BLOOMFIELD, NJ-- Mayor Michael Venezia and Director of Public Safety Samuel DeMaio announced a new collaboration between police and citizens to solve crimes. The program is being called ‘Neighborhood Watch 2.0.'
The voluntary program will compile a list of residential and commercially based surveillance cameras in the township. The objective is to assist police gather information about crimes using private security footage in their investigations. At present, police investigating crimes ask businesses and residents if they have video cameras on their property, the new program will compile a list of cameras allowing police to go directly to the location of the camera shortly after an investigation begins. This is expected to expedite investigations and reduce the amount of time officers spend going door to door seeking footage.
“Many home security systems are installed with outside-facing cameras that often can produce valuable evidence in criminal cases,” said Mayor Venezia. “The footage on these cameras is the property of their owner, and we are confident that residents will volunteer to share their security footage with Bloomfield Police Detectives if it helps solve and stop crimes in their neighborhoods.”

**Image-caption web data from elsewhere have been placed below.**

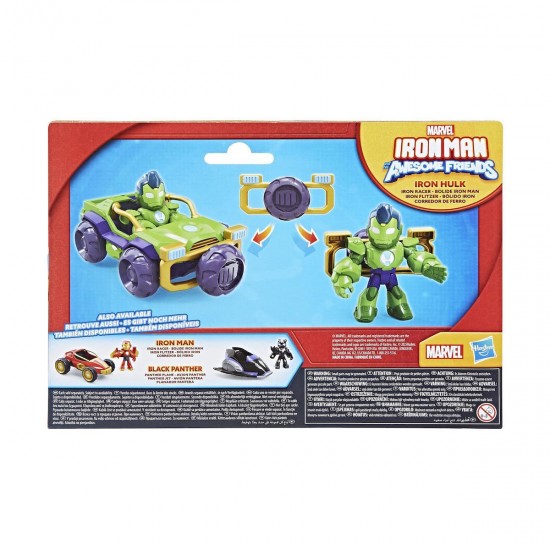 Hasbro Marvel: Iron Man And His Awesome Friends - Iron Hulk Iron Racer Vehicle (G1472)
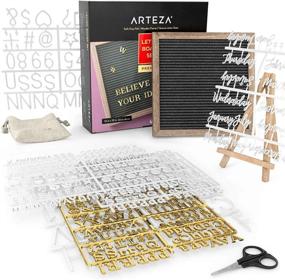 img 1 attached to Get Creative With 526 Changeable Letters And 164 Symbols With The Arteza Gray Felt Letter Board Set: Perfect For Signs, Decor & Menus!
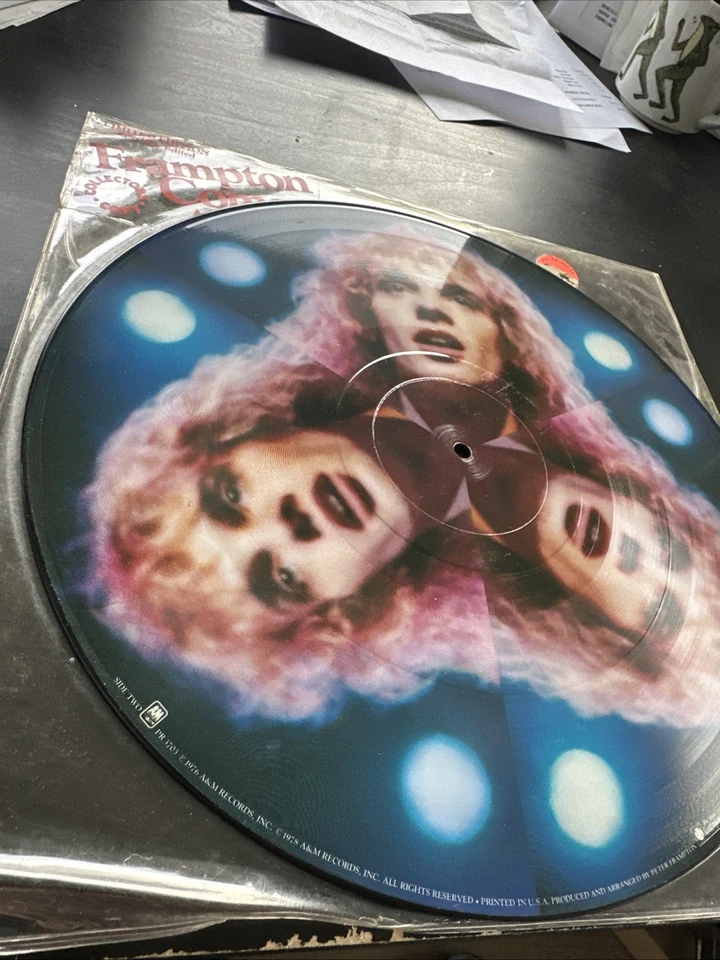 PETER FRAMPTON Frampton Comes Alive PICTURE DISC  - Image 3 of 4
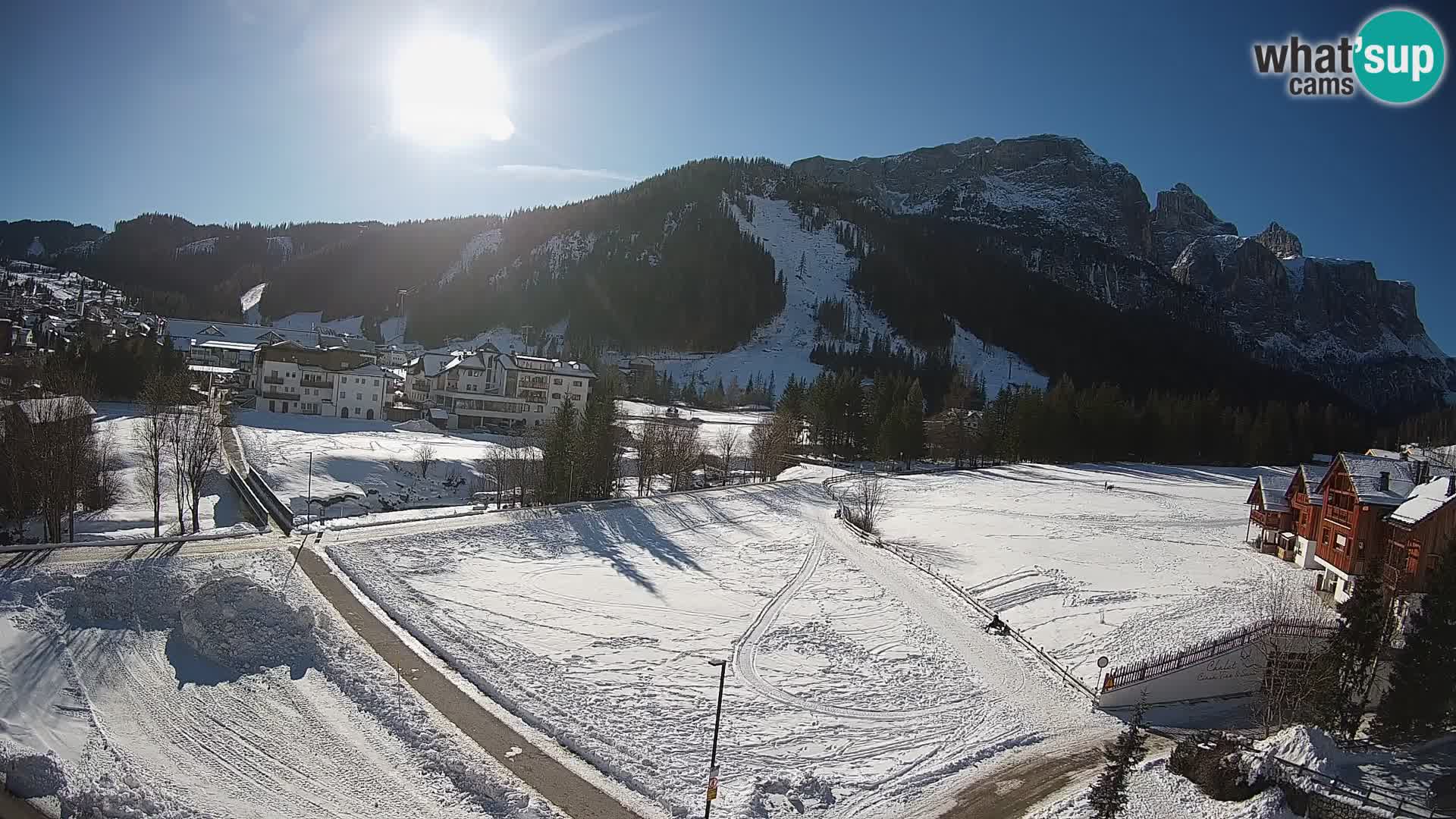 Webcam Corvara in Badia: Spectacular Views of the Sella Group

“Neighborhood Watch 2.0 is a modern take on civilian neighborhood policing,” said Director of Public Safety Samuel DeMaio. “We think residents and business owners will be eager to help build a database of locations that may capture footage of crimes. More police access to surveillance cameras will lead to quicker arrests and could allow us to further reduce crime in Bloomfield.”
The Bloomfield Police Department has shared flyers about this new program, which asks residents and businesses to volunteer information about the range and placement of their home security system cameras. Footage from registered surveillance cameras can be instrumental in catching criminals.
As outlined by Neighborhood Watch 2.0, if a crime is committed near where a registered surveillance camera is placed, a Bloomfield Police Detective will ask the home or business owner for access to that camera’s footage, which residents may legally refuse. Registration of a surveillance camera does not give anyone access to the owner’s private video footage without their consent.